The natural history series, narrated by David Attenborough, features some spectacular footage of whales — one sequence shows a pod of orcas killing a grey whale calf after a six-hour battle to separate it from its mother — but Byatt and his crew were after something different from the giants of the deep.
After making two documentaries on whales, he wanted to film fish not often thought of as belonging to the great predators of the deep. "There are many other fantastic fish in the ocean. Marlin are so charismatic and beautiful, and tuna — the world's favourite sandwich filler is tuna. And I just wanted people to see it isn't a tin can out there, it's an amazing animal."
Byatt fell in love with marlin when he read a book on broadbill fishing by Zane Grey. And the fish have repaid him for his passion. "I spent one of my birthdays with a blue marlin. I spent five minutes by myself at the stern of the boat. There you are in this incredible blue world and there are big waves running and huge, 250kg fish. It doesn't really get much better than that."
Byatt was after scenes of the way marlin and tuna hunt shoals of small fish such as sardines which, when threatened, form giant, defensive balls swirling in the water.
The team targeted waters off New Zealand and Venezuela because the El Nino-La Nina weather pattern usually means all the fish action is on one side of the Pacific or the other. "One side or the other has got to be cooking.
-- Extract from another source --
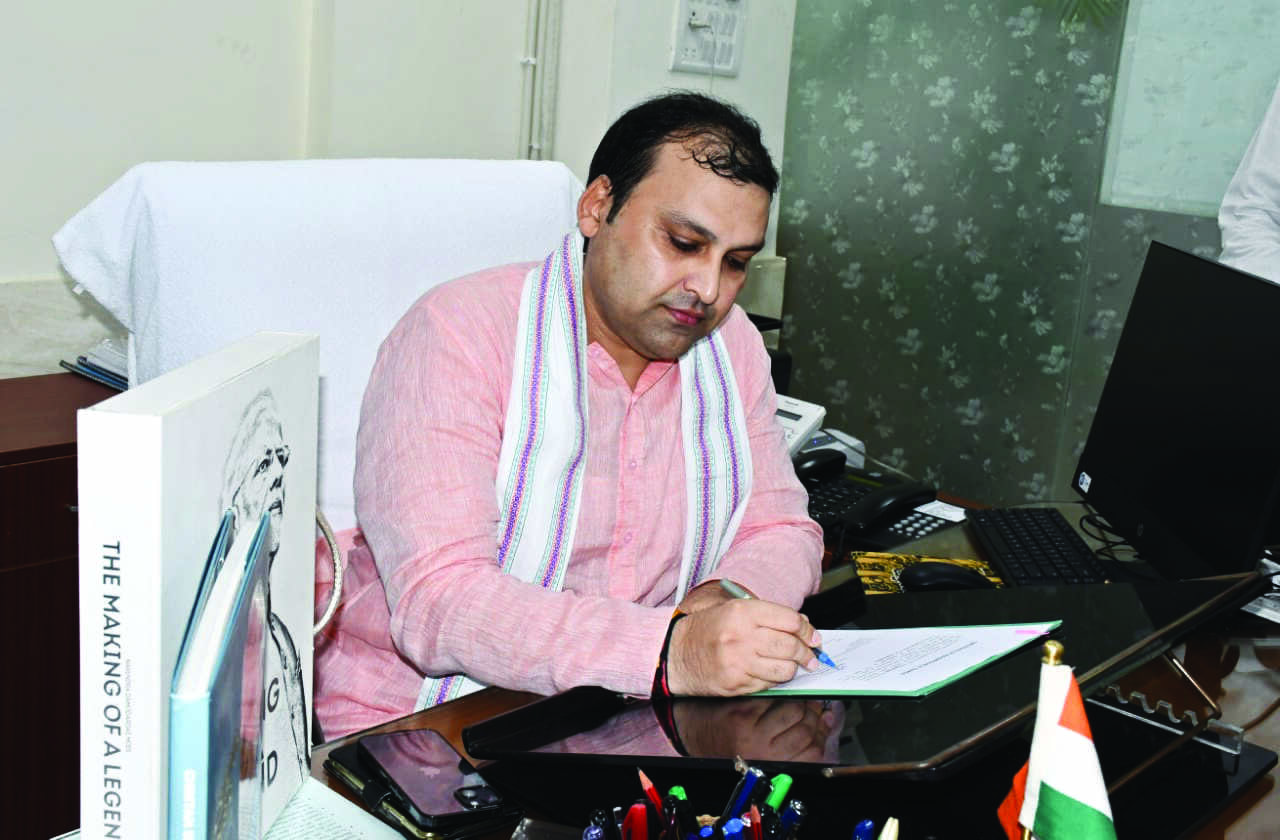 Newly-appointed KVIC Chairman Manoj Kumar assumes Charge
Sadly the year I filmed in New Zealand it was the other side which was really hot."
In the end Byatt reeled in his most sought-after footage off the coast of Mexico, where he captured a stunning sequence of marlin hurtling in on their prey. "Normally, sardines swim in open formation. Once they come under threat, they close up into a tight, packed ball, and swim in constant spiral. The effect is like a glinting mirrorball. When they are hit by the first marlin, the ball turns into a writhing spectre, imploding on itself. It's astonishing."
The sequence is capped by the appearance of a sei whale. "It just comes in and eats a whole school of sardine between 5m and half a metre from the lens."
Failure to capture the prized marlin sequence in our waters, however, was compensated by some other splendid visual hauls. Two sequences have become part of the tidal episode.
"We did several trips to the Poor Knights There's a fantastic sequence of stingrays gliding on the tide and resting in the arches of the Poor Knights.
"There's a little thing called the demoiselle fish which feeds when the tide's running. You get great swarms of these fish feeding away and the tide sweeps plankton past them. When the tide stops the whole lot just file off.
"It's like an army on the march. You get this great column of these beautiful little fish. They all swim together for safety, it's like a huge rope of fish or column marching back and hiding in the caves that dot the island.
Off White Island, the crew captured another feeding frenzy. "We got trevally, kingi, blue maumau and things like that mass feeding on plankton, just chomping on dense, pink swarms of plankton."
After three years filming for this sweeping natural history of the oceans, it was a little difficult to adjust to life on land, Byatt says. "I know I can't stay out of the sea, so it's just a matter of time before I get back."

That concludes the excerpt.